The dozen paintings are abstract and, as the name suggests, usually made in two parts. Most of the work comprises two perfect circles that meet and create a cord across both, where they collide. The support of these paintings is carefully crafted to make them stand out from the wall.
In some of the smaller works the bare wood of the support around the edge of the circles is too deep. For the larger paintings it is exactly in the right proportion to lift the surfaces away from the wall and present them as an independent image.
The surfaces are impressive, ranging from delicately shaded backgrounds to plain circles of almost dazzling colour.
The surfaces, which are mostly highly polished, have been created by the application of layer after layer of paint. They are given extra shine by a final layer of synthetic varnish, giving a surface as smooth and reflective as glass.
The effect of the meeting of the two circles is collision rather than interaction. They seldom blend into each other but when they do there is a big gain. In The Heart in the Matter a bright red is juxtaposed with a pale, creamy circle. The red bleeds into the pale circle in a series of drips that turn yellow. The yellow and red appear again in a circle within the circle as if the brighter colour had fertilised the paler shade.

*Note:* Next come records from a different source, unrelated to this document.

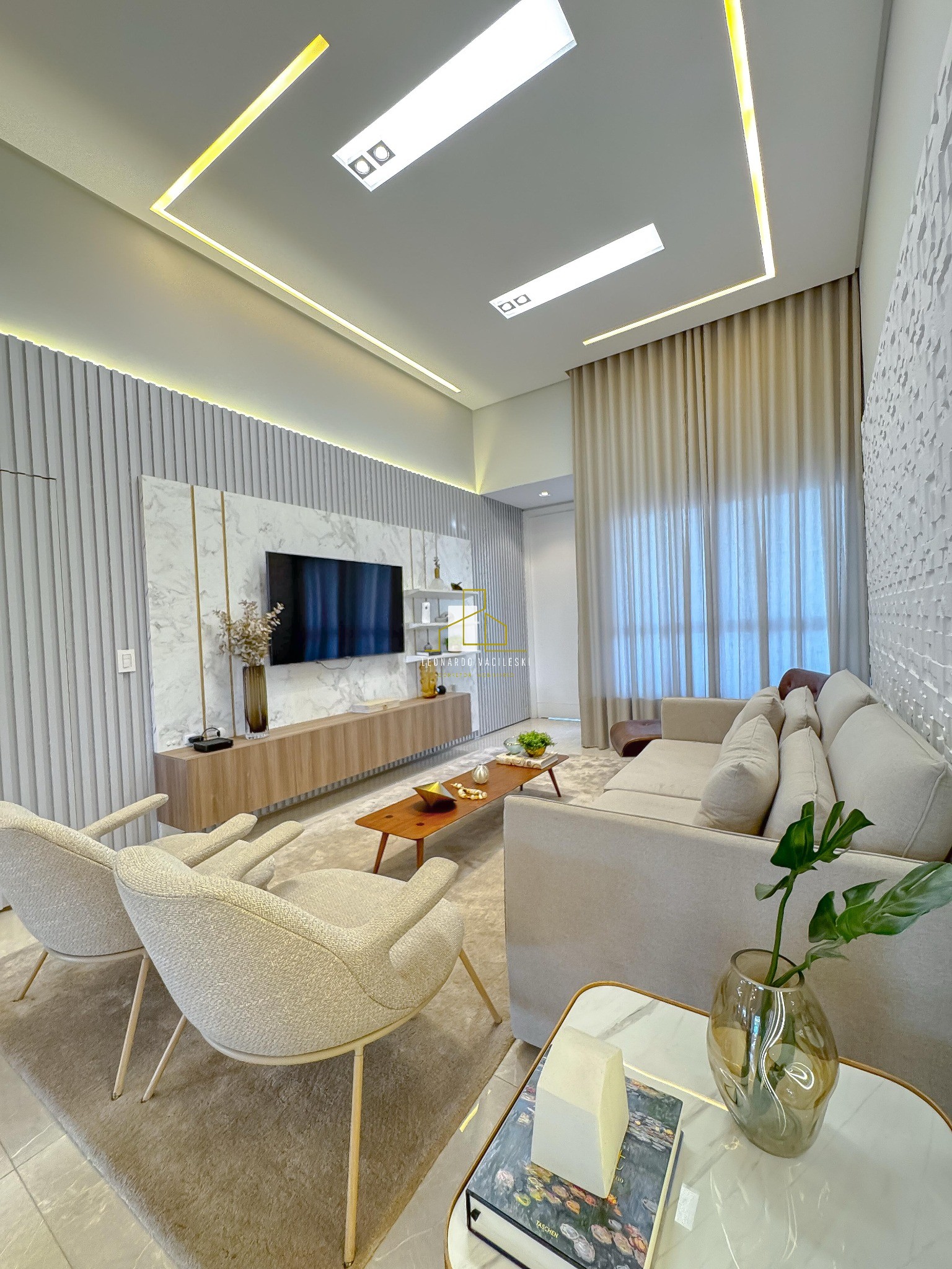 Casa, 3 quartos, 455 m² - Foto 1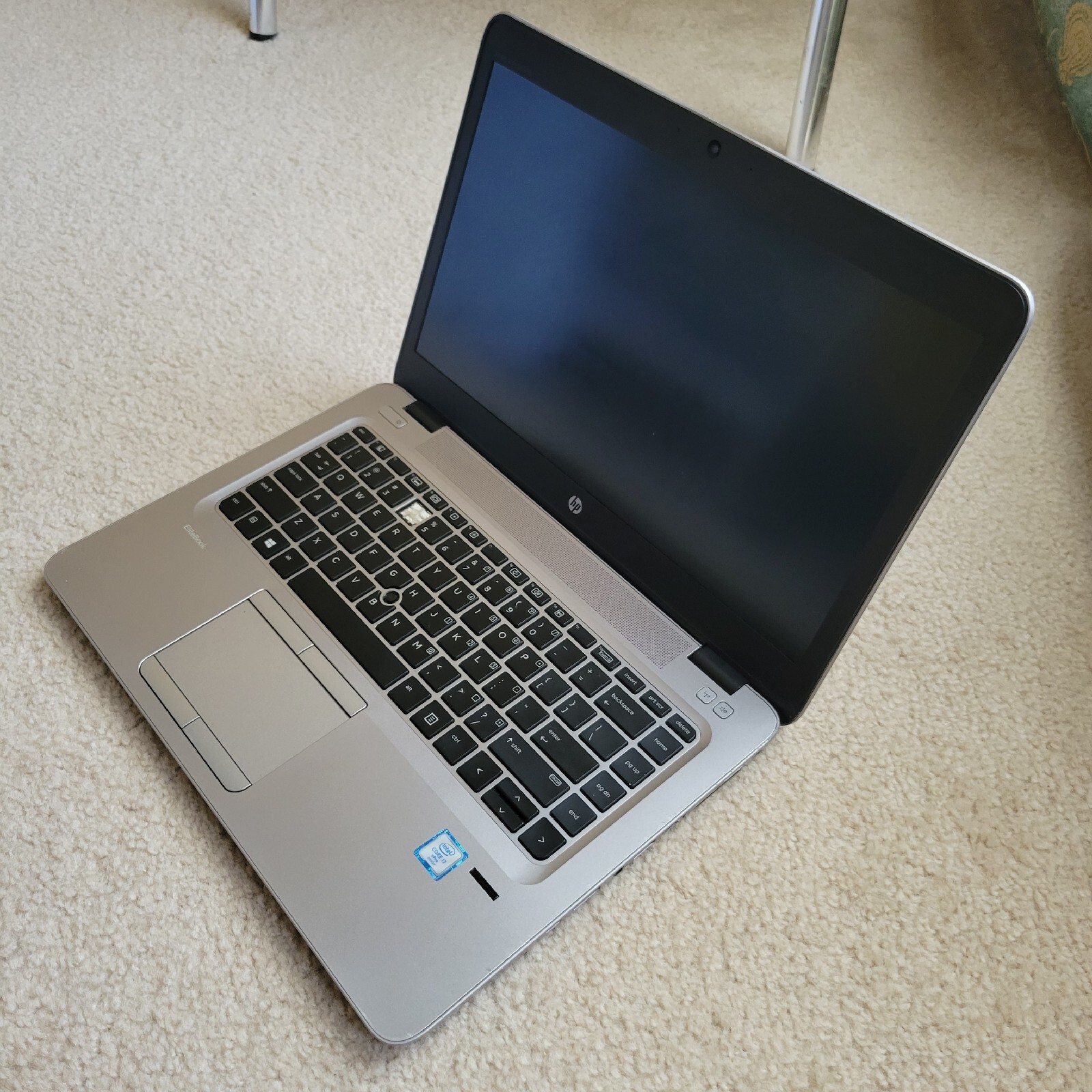 HP Elitebook 840 G3 14” (512GB SSD, Intel Core i7-6600U, 2.60 GHz, 8GB RAM)…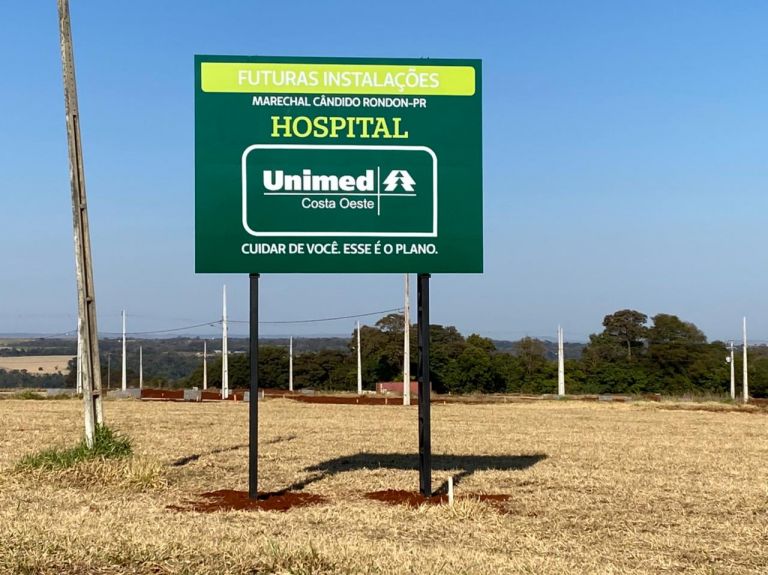 Lançamento do Hospital da Unimed acontece nesta sexta-feira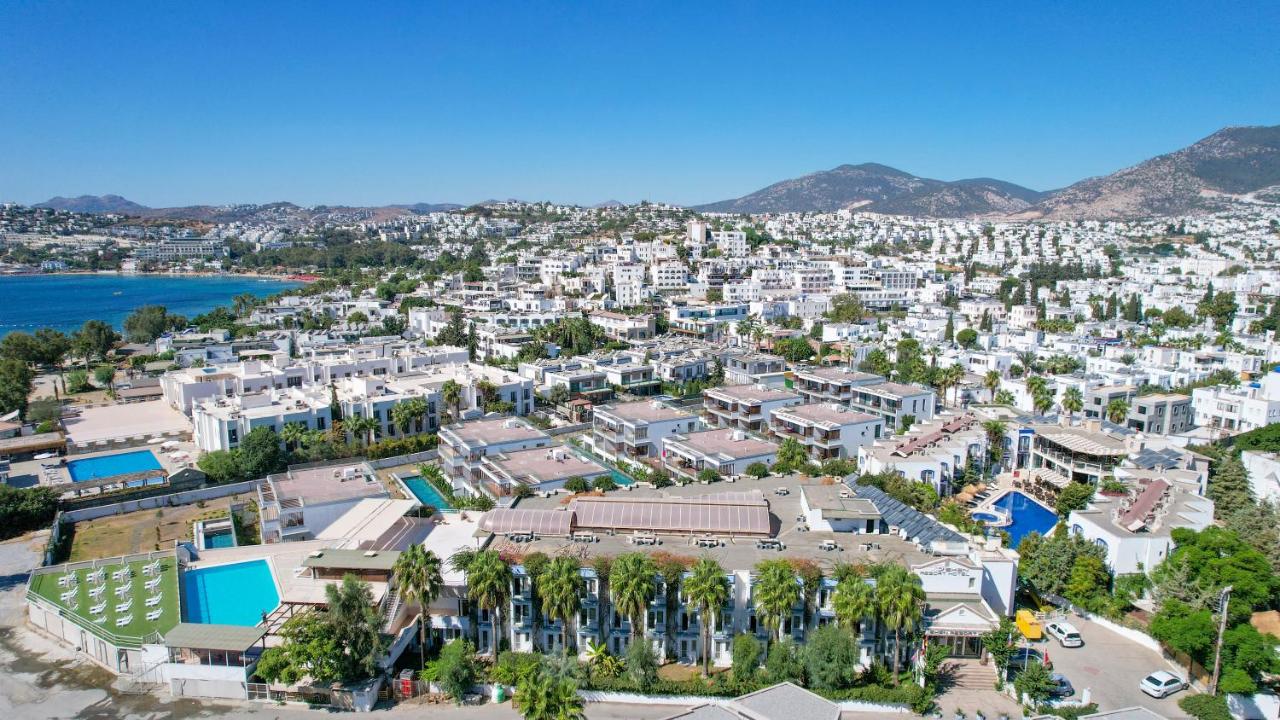 Tennis court: Smart Stay Beach Bodrum - All Inclusive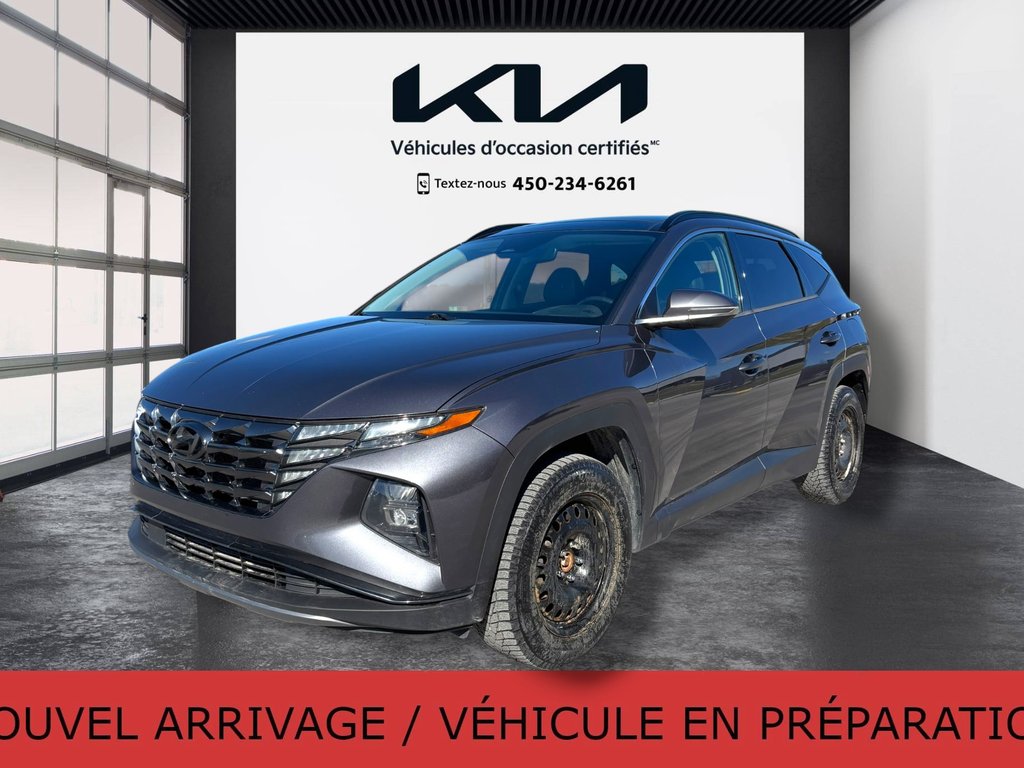 Hyundai Tucson Preferred, JAMAIS ACCIDENTÉ, CUIR, TOIT, AWD, MAGS 2022 à Mirabel, Québec - 1 - w1024h768px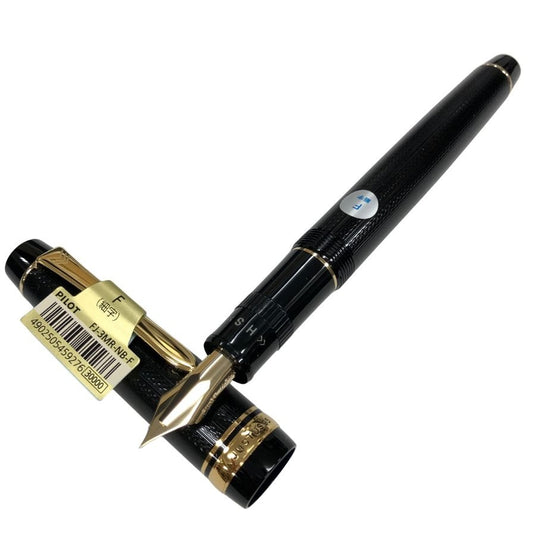 パイロット 万年筆 Justus95 ペン先14K FJ-3MR-NB-F ブラック PILOT【AFI21】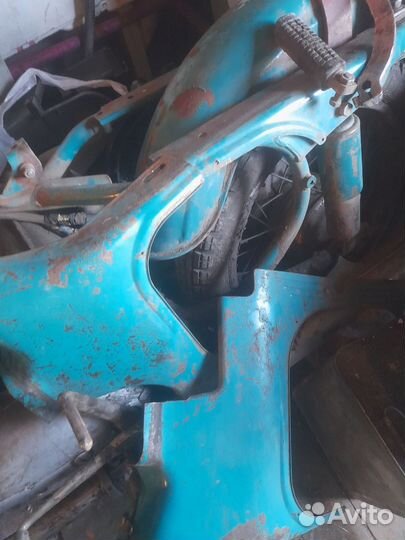 Запчасти на восход ковровец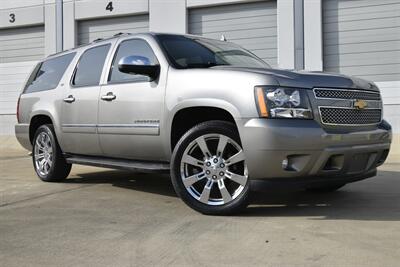 2012 Chevrolet Suburban LTZ LTHR NAV BK/CAM TV/DVD S/ROOF HTD STS NICE   - Photo 21 - Stafford, TX 77477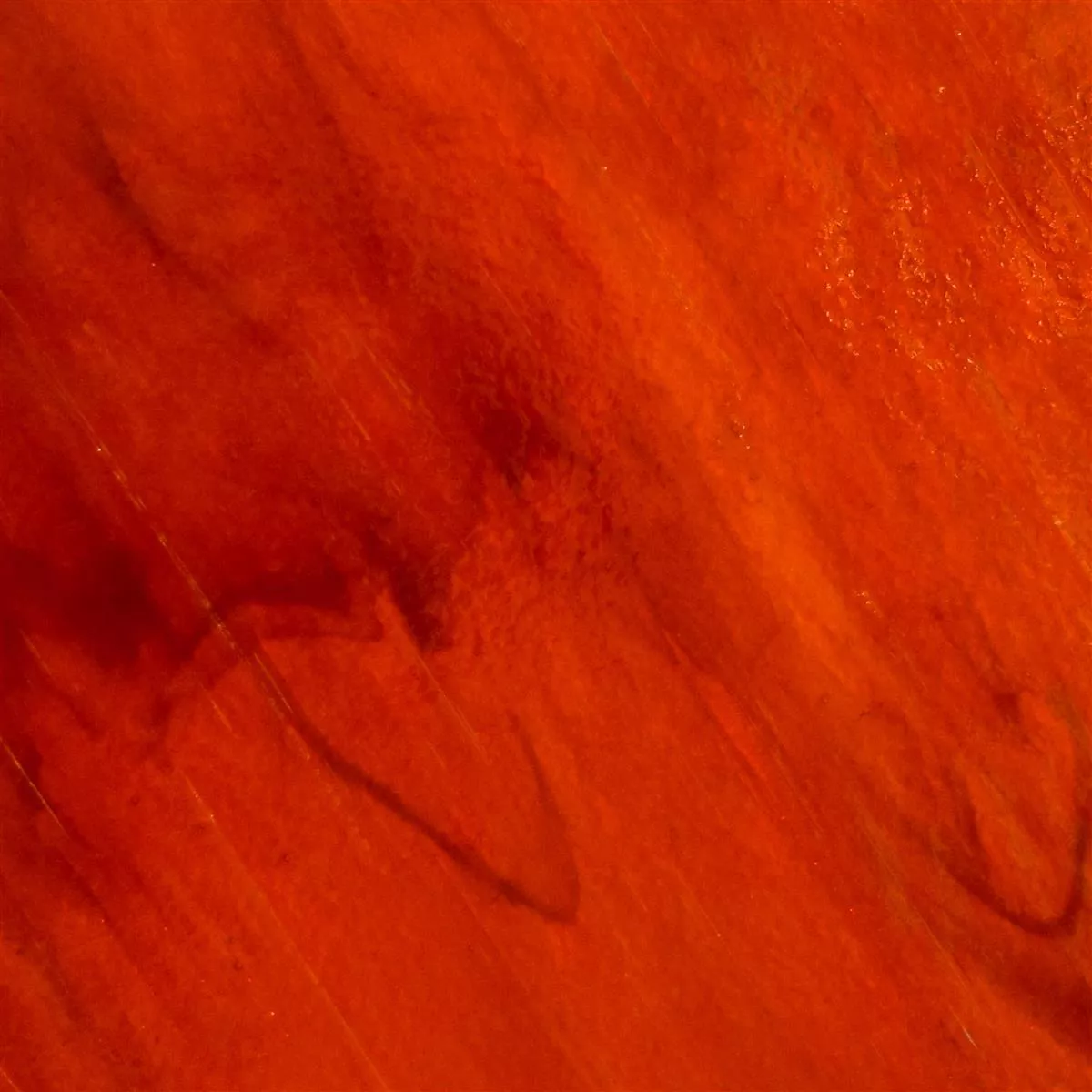 Sticlă Plăci Ceramice Pentru Pereti Trend-Vi Supreme Outback Red 30x60cm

A second successful work integrating the two circles, this time by line, is Unlearned. Again there is red but it is juxtaposed with a plain canvas. The canvas makes a lovely textured and varied surface, a fine thing in itself. On it is drawn a perfect circle of line which describes a neat arc within the red. The interaction makes for real tension between the two surfaces.
The work is less effective when the circles are one above the other. In some cases, especially Me 2, the work feels upside down. The general movement of the work drips downward when it would be more lively reaching up.
In contrast, two works are big single circles. One is simply decorative, a firm red square outlined against a mysterious shaded background. The other is a circle of yellow cut to make a base for a square and a triangle. The inner part of the triangle contains spermatozoa-like forms pushing upward vigorously. It conveys an energy that goes beyond decorative and surely defines a development this talented young painter might follow up on.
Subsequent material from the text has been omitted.